No
universo da internet, estamos todos sujeitos às leis dos Estados
Unidos. Essa é a conclusão do perito forense e advogado especializado em
tecnologia da informação José Antônio Milagre sobre as denúncias de que
órgãos de segurança norte-americanos têm acesso aos servidores de
empresas de telefonia e de internet sediadas no país. Para o
especialista, se as denúncias forem confirmadas, a quebra da privacidade
dos internautas pode configurar “uma absurda agressão a um direito
humano internacionalmente reconhecido”.
A extensão dos grampos ainda é
desconhecida. O presidente dos Estados Unidos, Barack Obama, já admitiu
que o Congresso autorizou a execução do programa de vigilância das
comunicações chamado Prism (em português, Métodos Sustentáveis de
Integração de Projetos), mas alegou que “ninguém ouve” as chamadas
telefônicas dos cidadãos norte-americanos.
“Sempre imaginamos a internet como um
patrimônio mundial. Só que ela necessita de servidores que armazenem e
suportem os serviços e as interações proporcionadas pela rede mundial de
computadores. E basta mapearmos a estrutura física [da web] para
constatarmos a grande dependência da infraestrutura norte-americana”,
disse o advogado à Agência Brasil.
Na quarta-feira (12), ao revelar que o
governo está preocupado com o tema, o ministro das Comunicações, Paulo
Bernardo, defendeu a necessidade de mudanças na legislação brasileira e a
construção de centros de processamentos de dados (data centers) no
país. Para o ministro, isso permitiria que as informações dos
internautas brasileiros fossem armazenadas no país e ficassem submetidas
à legislação brasileira.
“Os principais serviços, como as redes
sociais, são oferecidos por empresas sediadas em solo norte-americano.
Além de estarem, portanto, sujeitas às leis dos Estados Unidos, elas nos
impõem termos de uso em consonância com a legislação norte-americana”,
comentou o advogado, destacando a “pouca maturidade” da maioria dos
brasileiros com o tema da privacidade na rede mundial de computadores.
De acordo com o advogado, as redes
sociais não oferecem opção aos usuários. “Até porque, não há escolha. Ou
a pessoa aceita os termos de uso, ou se desliga da internet. Por isso,
as pessoas cedem parcelas de sua privacidade. A questão é que, até hoje,
a maioria dos usuários acreditava que suas informações pessoais
estariam seguras e não seriam intercambiadas.

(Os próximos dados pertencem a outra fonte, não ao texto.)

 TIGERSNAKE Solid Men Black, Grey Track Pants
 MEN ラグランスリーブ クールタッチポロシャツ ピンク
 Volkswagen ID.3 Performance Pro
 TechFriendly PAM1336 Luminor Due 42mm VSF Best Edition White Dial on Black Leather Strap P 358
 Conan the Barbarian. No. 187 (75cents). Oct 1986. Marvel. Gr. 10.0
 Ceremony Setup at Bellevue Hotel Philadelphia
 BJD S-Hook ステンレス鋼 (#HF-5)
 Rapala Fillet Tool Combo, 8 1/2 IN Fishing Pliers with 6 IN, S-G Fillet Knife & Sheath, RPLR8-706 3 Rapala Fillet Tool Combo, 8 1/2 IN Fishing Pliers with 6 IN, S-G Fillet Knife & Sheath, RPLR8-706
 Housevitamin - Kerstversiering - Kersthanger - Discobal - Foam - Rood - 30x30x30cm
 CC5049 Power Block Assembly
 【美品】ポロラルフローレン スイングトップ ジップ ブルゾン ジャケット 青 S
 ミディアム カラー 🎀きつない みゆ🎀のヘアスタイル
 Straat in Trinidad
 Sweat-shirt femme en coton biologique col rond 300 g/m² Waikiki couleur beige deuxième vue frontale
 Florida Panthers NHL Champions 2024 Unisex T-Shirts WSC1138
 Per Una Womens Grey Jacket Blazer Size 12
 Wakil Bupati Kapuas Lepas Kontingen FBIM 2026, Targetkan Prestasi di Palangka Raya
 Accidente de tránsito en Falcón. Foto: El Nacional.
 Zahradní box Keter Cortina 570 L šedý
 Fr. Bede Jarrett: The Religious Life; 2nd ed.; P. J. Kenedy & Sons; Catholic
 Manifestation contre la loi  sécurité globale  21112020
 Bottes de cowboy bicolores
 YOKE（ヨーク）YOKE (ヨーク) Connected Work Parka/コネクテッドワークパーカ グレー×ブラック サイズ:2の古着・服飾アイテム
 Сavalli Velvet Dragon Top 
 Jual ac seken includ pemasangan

Esse episódio apenas
reforça [a tese de] que a proteção aos dados de estrangeiros não é tão
robusta quanto muitos imaginavam”, ponderou o especialista.
José Antônio Milagre aponta que as
matérias dos jornais The Guardian (britânico) e The Washington Post
(norte-americano), escritas a partir das revelações feitas por Edward
Snowden, ex-agente da CIA, a agência de inteligência norte-americana,
indicam que os dados de internautas de todo o mundo eram coletados pelas
empresas e compartilhados com o governo norte-americano sem qualquer
autorização, com a justificativa de proteger os cidadãos
norte-americanos e os Estados Unidos.
“Na medida em que as autoridades coletam
essas informações sem o conhecimento dos usuários ou de uma autorização
judicial, há, evidentemente, uma violação de tratados, garantias e
direitos reconhecidos internacionalmente”, disse o especialista,
defendendo a necessidade de novos mecanismos para evitar a violação de
dados, salvo em casos excepcionais, com ordem judicial.
“Esse episódio vai contribuir para uma
reflexão sobre a necessidade de diretrizes ou normativas internacionais a
respeito da preservação da privacidade das informações pessoais. Ainda
tratamos a privacidade com o olhar de 40 anos atrás”, acrescentou.
O advogado lembrou que vários países já
adotam ou discutem mecanismos jurídicos semelhantes ao Patriot Act, lei
criada após os ataques do 11 de Setembro de 2001, com a justificativa de
combater o terrorismo. De acordo com José Antônio Milagre, o próprio
Brasil também tem um acordo com os Estados Unidos, o Tratado de
Assistência Legal Mútua, “uma ferramenta importante para o enfrentamento
dos crimes eletrônicos em casos em que as autoridades necessitam de
dados que não estão armazenados no país de origem da investigação”.